The issue I see with using guids is their lack of perdictability. For example we have integration setup between two system. System A is a public facing web-site, System B is our billing system. We acquired a bunch of new buildings and we needed to put them on our public facing site, but keep them hidden. Rather then adding the records and then getting the GUIDs and putting them in our exlusions table, we simply were able to get the last ID value that SQL Server had generated (NOT THE MAX ID) and then insert the ID values into the exclusion table before the records were generated. This prevented anyone from getting even a momentary glance at data that is not ready for public viewing.

Predictablility has it’s place. How do you know if someone delete a record when you are using GUIDS?

If you are using sequential GUIDs, what’s the difference between the IDENTITY column? They are both predictable.

I will leave the GUIDs to heterogeneous items like software packages that need to have some uniqueness to them so they don’t overlap.

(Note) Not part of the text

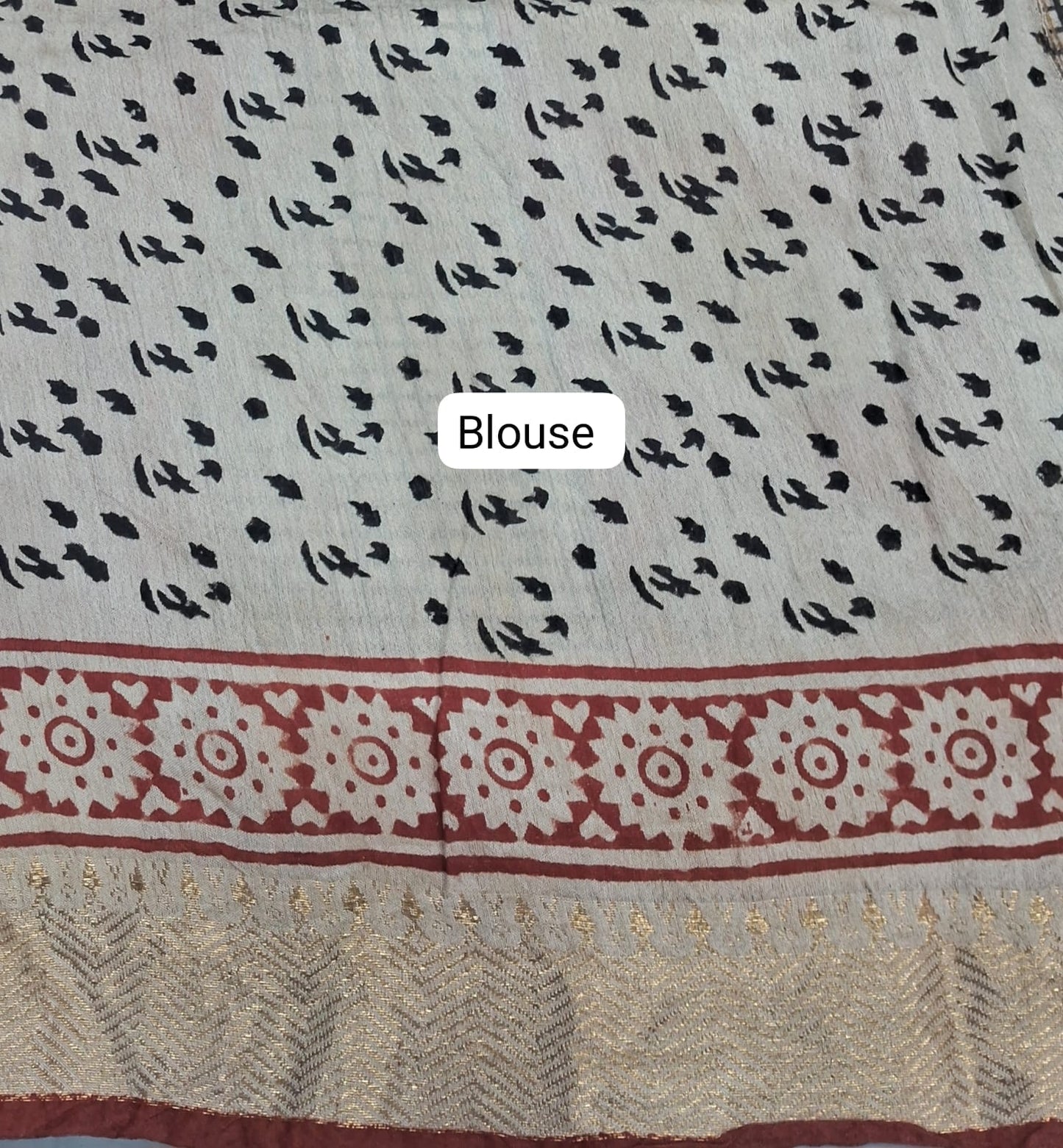 Black Maheshwari Cotton Saree blouse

The only response I truly have seen that is a drawback to the predictable sequential IDs is the possibility of data scrapping. But if they got to one piece of information through some web page they can also get to the rest, they just have to write it differently.

Just to let everyone know, SQl Server and MySQl are not the only DB servers out there. Real database servers do not have any requirements on the data to do proper replication!

I have always used a primary key of an identity, with the GUID as the secured URL id, so my tables would look like this if they were update-able on the web page.

Table

id

created
createdBy
guid

else I just use the PK and that is IT.

I started to write something but then I read Dug Wilson’s entry and it summarizes exactly what I was thinking. So I’ll try to go a different direction.

This pro-con list is nice, in an abstract kind of fashion. When I think of real-life database and application design scenarios, there are very few times a GUID would be totally necessary. Almost every single one involves web-related apps with “exposed” data (like in the QueryString or Cookie).

Int counters exposes chronology for pages and users (like with MySpace userId’s) which you might not want for your given website, or if you fear about content scraping (where someone could program to hit your site with a QueryString that counts on its own).

The only other time I like GUIDs (or generated uniqueidentifier in SQL Server) is when you have multiple tables where the data from both might be used by the application in the same object. For instance I have seen apps where the Employees class could pull from separate tables with very similar data and a column identifier like “EmployeeType” was not feasible in this situation; they had to be separate tables. In that case a simple row counter could cause confusion.

We use a short string that serves as a “GUID” without actually being of the standard GUID format. We have other data which can be combined to generate a completely unique value across the enterprise (location-transation number). The value is slightly longer than a standard GUID but it is visually recognizable and sortable. We feel that this gives us the best of both worlds.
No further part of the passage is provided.